Extracted records:

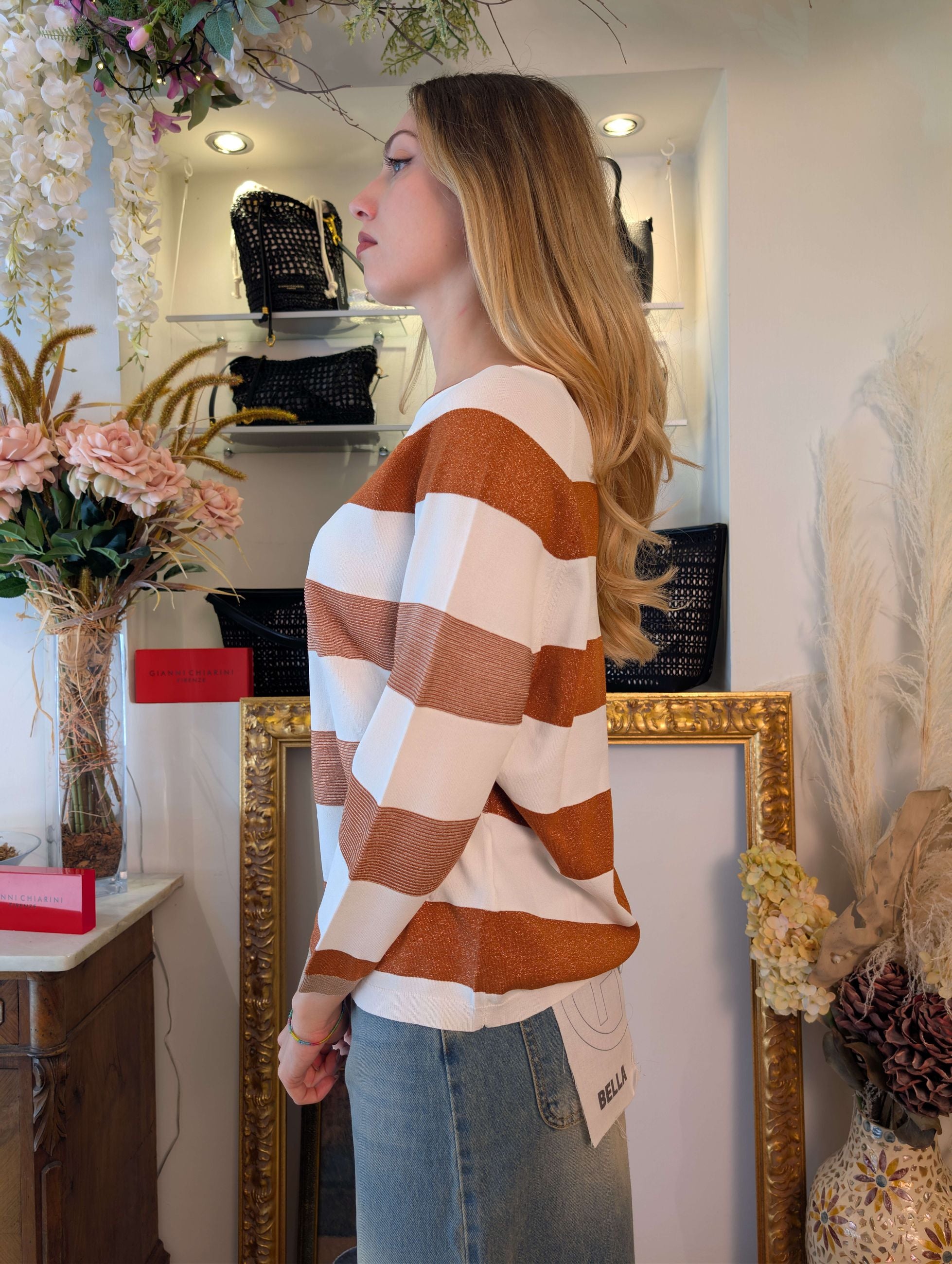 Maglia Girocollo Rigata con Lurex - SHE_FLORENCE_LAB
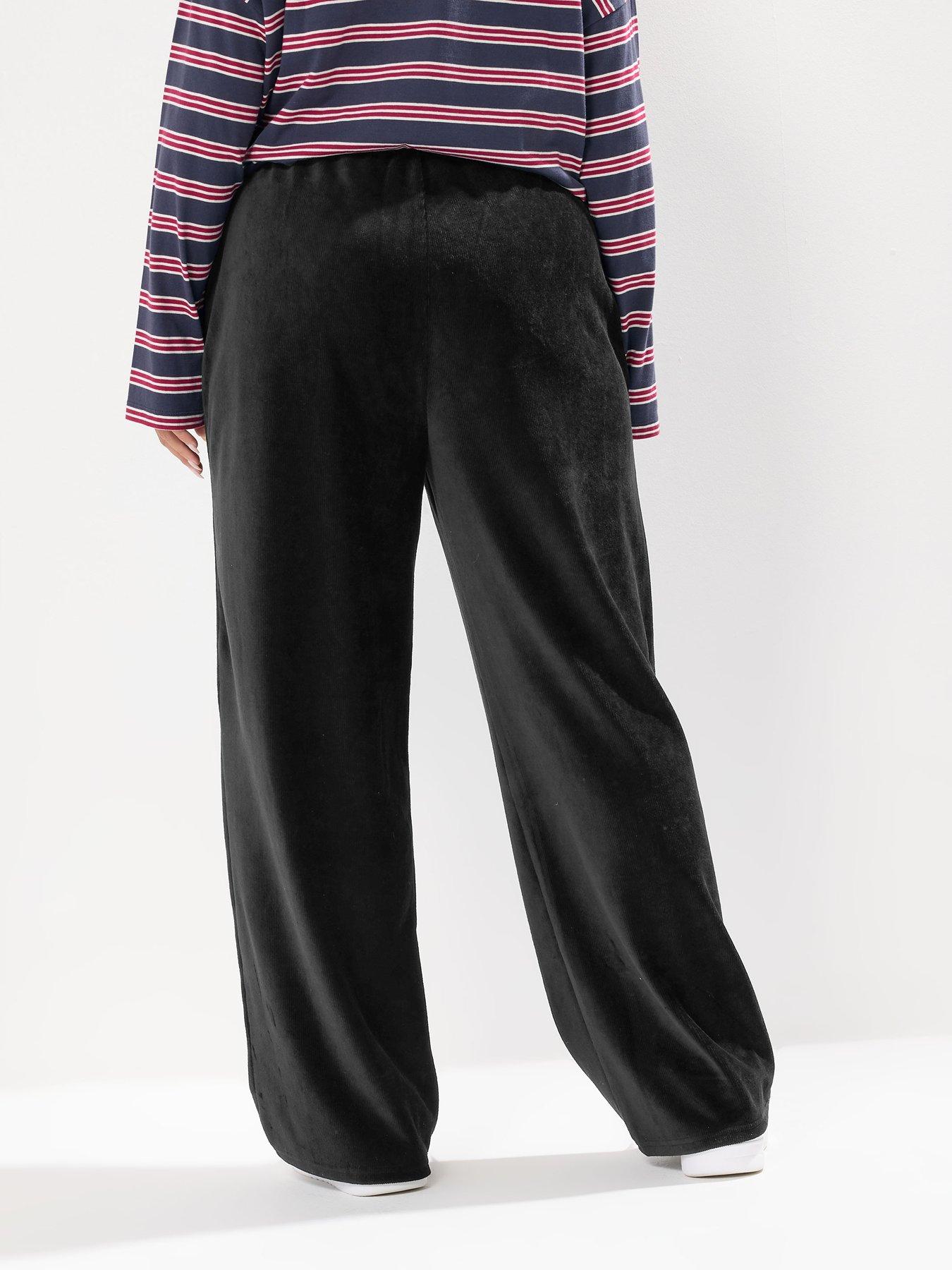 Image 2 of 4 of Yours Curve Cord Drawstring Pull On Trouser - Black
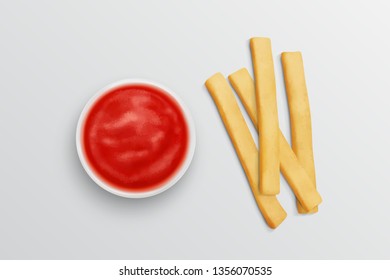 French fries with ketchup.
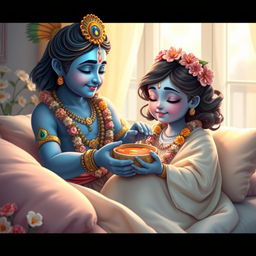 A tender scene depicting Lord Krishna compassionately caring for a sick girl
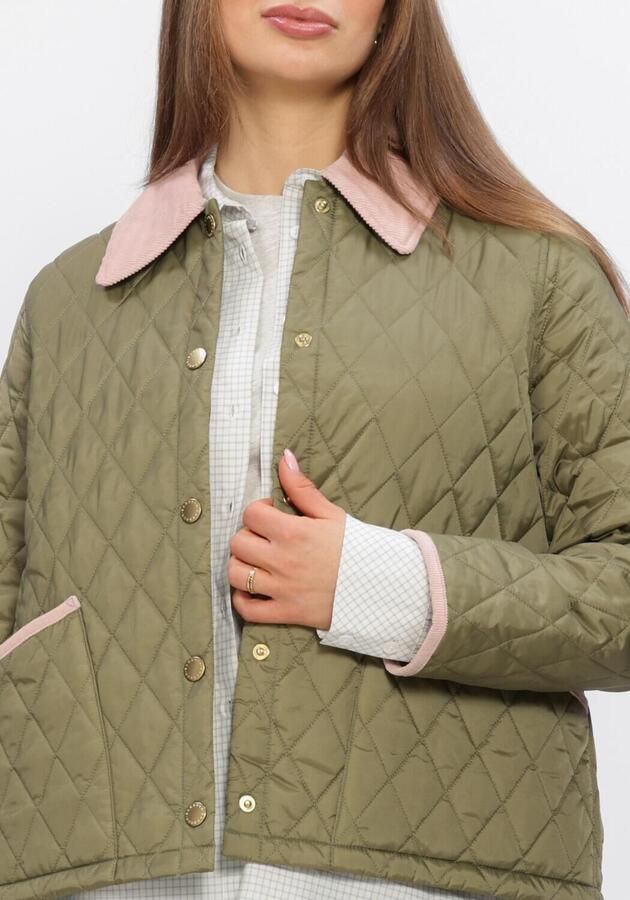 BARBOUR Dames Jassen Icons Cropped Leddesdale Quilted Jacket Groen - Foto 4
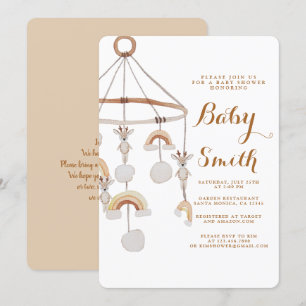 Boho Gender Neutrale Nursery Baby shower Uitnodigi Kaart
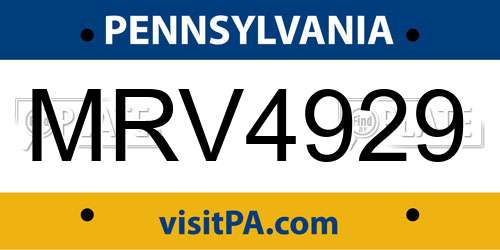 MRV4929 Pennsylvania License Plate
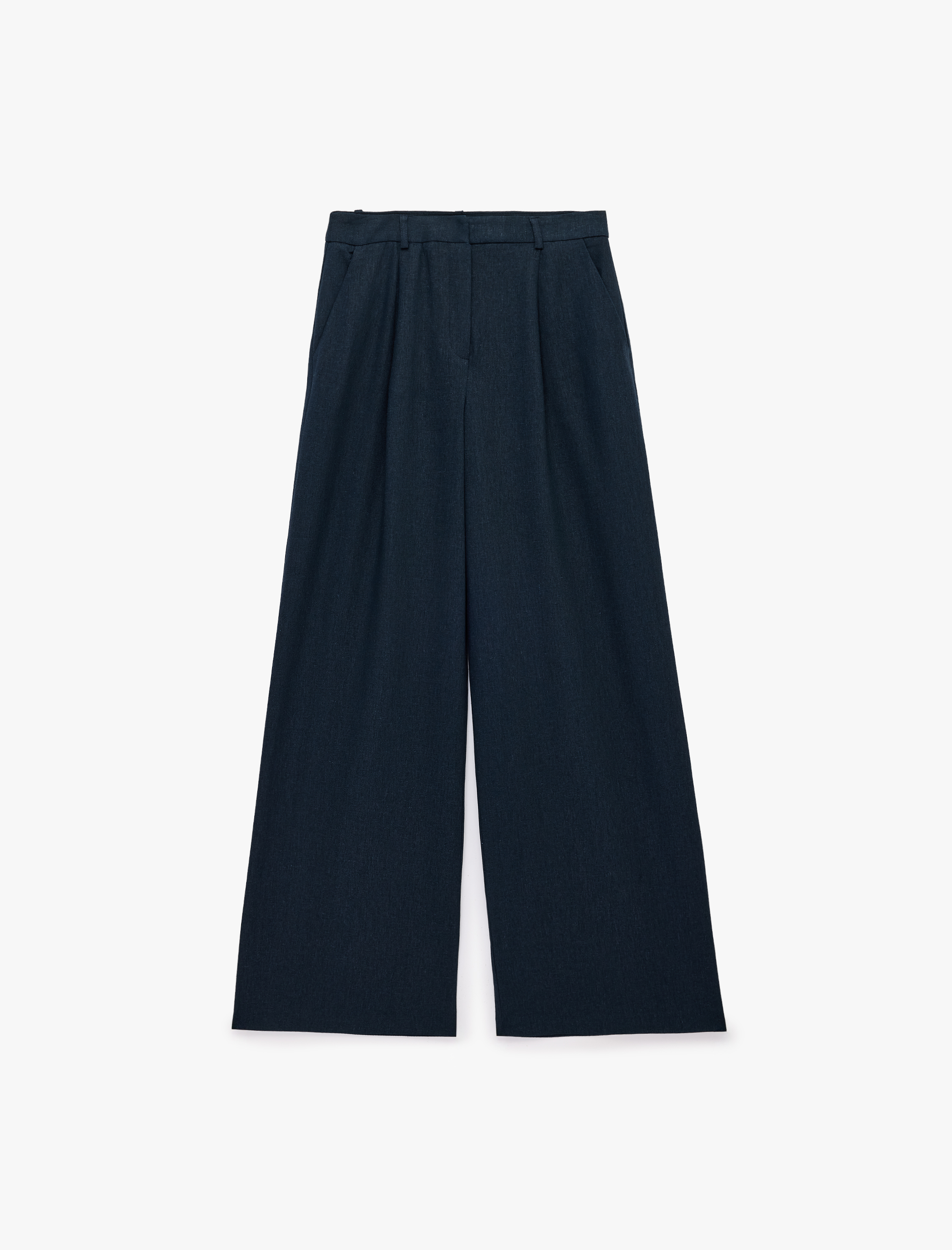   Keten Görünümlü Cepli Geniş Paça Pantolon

Try it:
The required output is an exact copy of the lines from the one with "A tender scene" through the final line of the data above, with pictures removed.

Answer:
 A tender scene depicting Lord Krishna compassionately caring for a sick girl
 BARBOUR Dames Jassen Icons Cropped Leddesdale Quilted Jacket Groen - Foto 4
 Boho Gender Neutrale Nursery Baby shower Uitnodigi Kaart
 MRV4929 Pennsylvania License Plate
   Keten Görünümlü Cepli Geniş Paça Pantolon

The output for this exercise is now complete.